AI Navigate

RFX-Fuse: Breiman and Cutler's Unified ML Engine + Native Explainable Similarity

arXiv cs.LG / 3/17/2026

📰 NewsDeveloper Stack & InfrastructureIdeas & Deep AnalysisTools & Practical UsageModels & Research

Key Points

  • RFX-Fuse is presented as Breiman and Cutler's unified random forest engine that supports classification, regression, unsupervised learning, proximity-based similarity, outlier detection, missing value imputation, and visualization within a single model object.
  • It offers native explainable similarity through proximity-based measures, introducing Proximity Importance to explain why samples are considered similar.
  • It introduces dataset-specific imputation validation that ranks imputation methods by how realistic the imputed data appears, without ground-truth labels.
  • The engine provides native GPU/CPU support and aims to replace multiple separate tools (e.g., XGBoost, FAISS, SHAP, Isolation Forest) with one unified framework.
  • The work is framed as reviving Breiman and Cutler's original vision of a unified ML engine, contrasting with current libraries that split functionality across many tools.

Abstract

Breiman and Cutler's original Random Forest was designed as a unified ML engine -- not merely an ensemble predictor. Their implementation included classification, regression, unsupervised learning, proximity-based similarity, outlier detection, missing value imputation, and visualization -- capabilities that modern libraries like scikit-learn never implemented. RFX-Fuse (Random Forests X [X=compression] -- Forest Unified Learning and Similarity Engine) delivers Breiman and Cutler's complete vision with native GPU/CPU support.
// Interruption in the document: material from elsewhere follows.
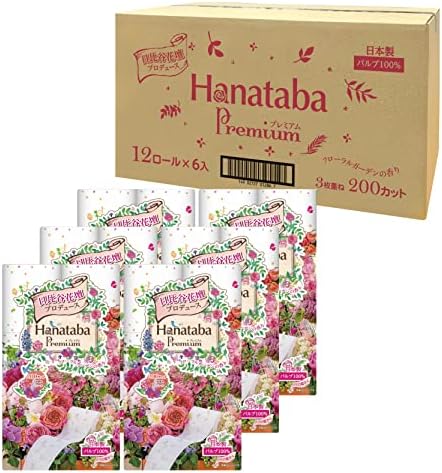 Made-in-Japan Hanataba Premium Toilet Paper, 12 Rolls, 3-Ply Bath Tissue, 6 Packs of 12 Rolls, 200 Sheets per Roll
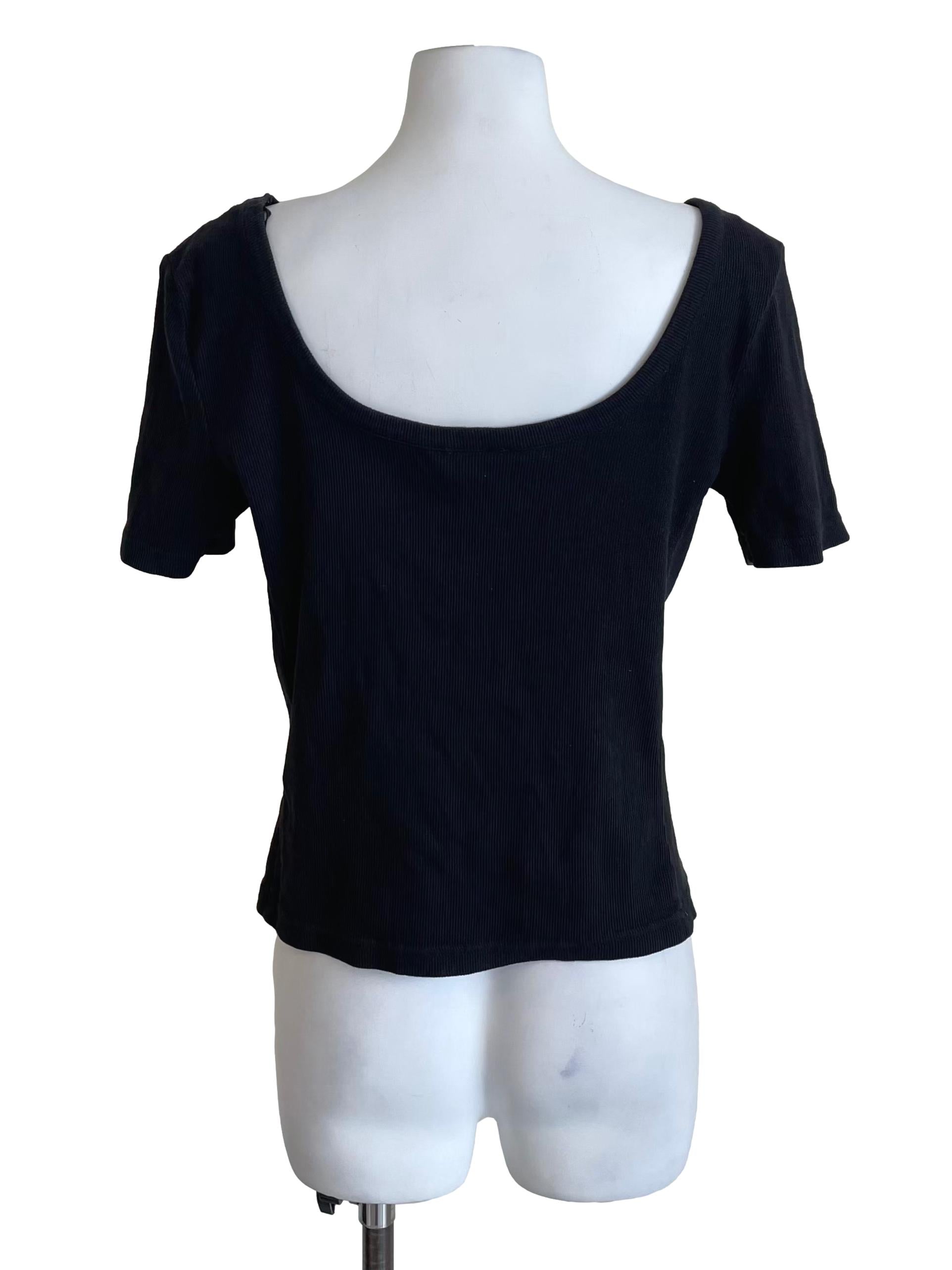 Charcoal Scoop Neck Fit Top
Modern ML pipelines require 5+ separate tools -- XGBoost for prediction, FAISS for similarity, SHAP for explanations, Isolation Forest for outliers, custom code for importance. RFX-Fuse provides a 1 to 2 model object alternative -- a single set of trees grown once. Novel Contributions: (1) Proximity Importance -- native explainable similarity: proximity measures that samples are similar; proximity importance explains why. (2) Dataset-specific imputation validation for general tabular data -- ranking imputation methods by how real the imputed data looks, without ground truth labels.